• In the case of Ashdown v Samuel Williams [1957] 1 All E.R. 35, it was held that an occupier is only required to provide reasonable notice of any exclusions of liability regarding dangers to visitors. Actual knowledge, especially where the danger is obvious, is not required.

Facts of the Case

  • D2 occupied industrial premises on part of a dock estate, which was leased from the estate owners, D1. D2’s employees had to pass over the dock estate to access their place of work.
  • One route through the estate that D2 had a right of way for was a private road which crossed at multiple points by railway lines. There was a shortcut with similar hazards that D1 was aware D2’s employees often used and never objected to.
  • D1 posted notices at various points over the estate, including at the private road. This notice was visible from the shortcut.
  • This stated that all persons using the road did so at their own risk and D1 had no liability for injury or damage (even those stemming from D1’s negligence or breach of duty). A second notice posted nearby specifically gave warnings of engines and trucks standing on the railway lines.
  • C, D2’s employee, used the shortcut one morning. While crossing a railway line, she was knocked down and injured by railway trucks being negligently shunted along the line. C admitted that she had read the first few lines of the first notice, but nothing else.

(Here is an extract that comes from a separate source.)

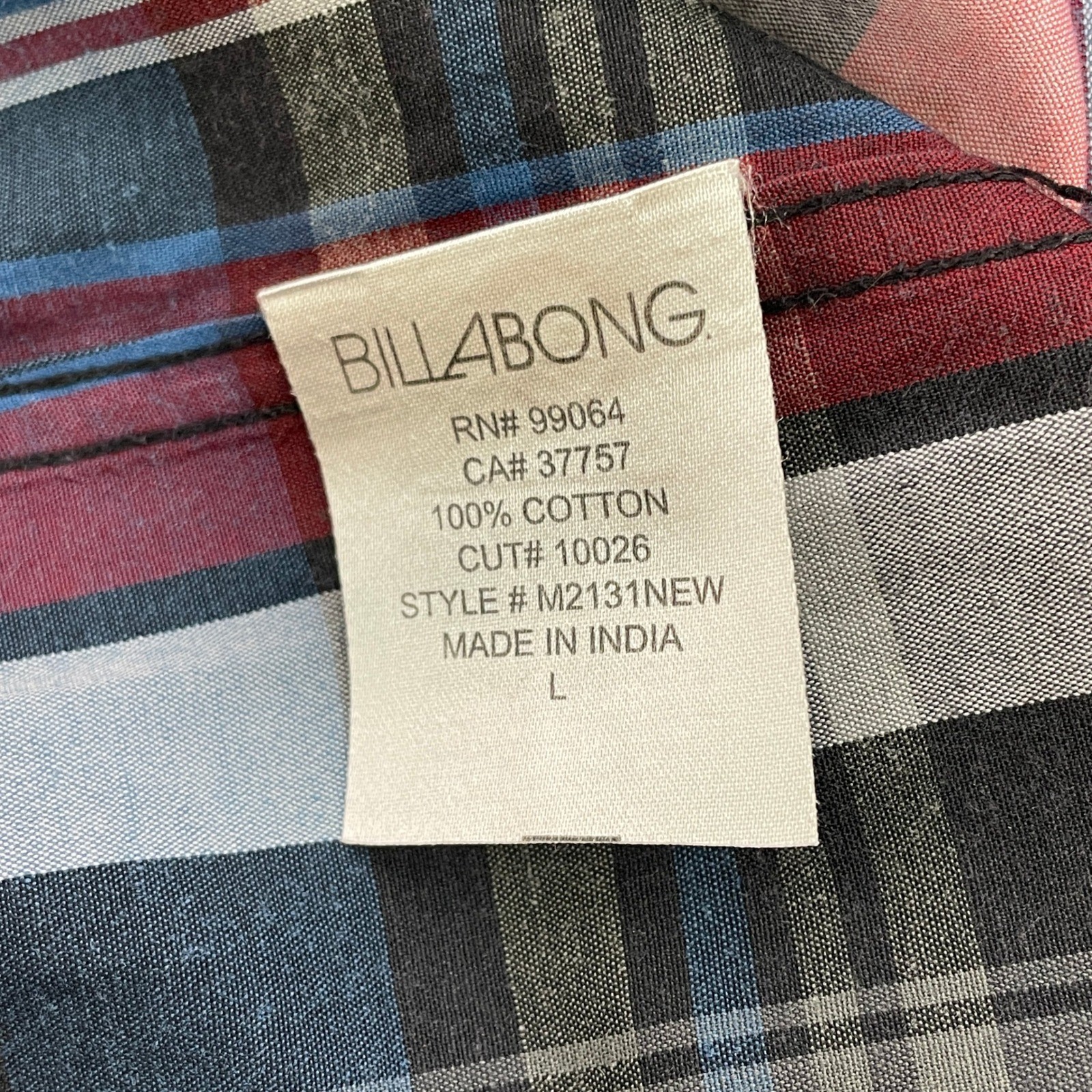 Billabong Reguar Fit Multicolor Plaid Long Sleeve Button Down Shirt Men’s LARGE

  • Did the general notice given by the notices exclude D1 from liability stemming from negligence performed on their land?
  • Did D2 have a duty to warn C of the possible danger of using the shortcut?

Held by the Court of Appeal

  • Finding for D1 and D2, that the warning notice contained adequate words to convey C the conditions for her licence to cross D1’s land. Since reasonable notice was provided, D1 avoided liability.
  • The dangers of using the shortcut were well-known to C. There was no duty upon D2 to foresee the danger and warn C, especially when D1’s warning notices provided ample warning already.

Parker L.J.

  • Wilkie v London Passenger Transport Board [1947] established that in granting a licence to enter upon land, the occupier can impose conditions that absolve him from all or some liability he would normally have at common law.
  • The judge found that C read the first few lines of the notice, and that she was aware that C knew the notice contained conditions which affected her. D1 had taken all reasonable steps to bring the conditions to her notice.
  • It was argued that C was not under contract but merely a licensee, and thus only bound by what she in fact read according to Henson v London North Eastern Railway [1946]. However, this was actually the principle of constructive notice; the defendant failed in that case because they failed to establish that they took all reasonable steps to give the claimant notice of the conditions.
  • In Rutter v Palmer [1922], Scrutton L.J. said that ‘in construing an exemption clause, the general rule applies that D is not exempted from liability for the negligent acts of their servants unless adequate words to that effect are used.
  • “It is true that he was there considering a general exemption clause which contained no reference to negligence, but, in my judgment, the principle there laid down applies equally in a case where, though negligence is specifically referred to, it may take several forms. Each case must, of course, depend upon its own facts, and in particular on what the licensee knows as to the user of the land… In the present case, however, C knew that the land was intersected by railway lines even before she saw the notice-she had walked out that way on her first visit. Moreover, by the time of the accident she knew full well that shunting operations took place, and, indeed, that these were conducted by D1. Accordingly, she knew the user of the land just as well as if the notice itself had said ‘Beware of shunting operations,’ followed by an exemption of negligence” [55].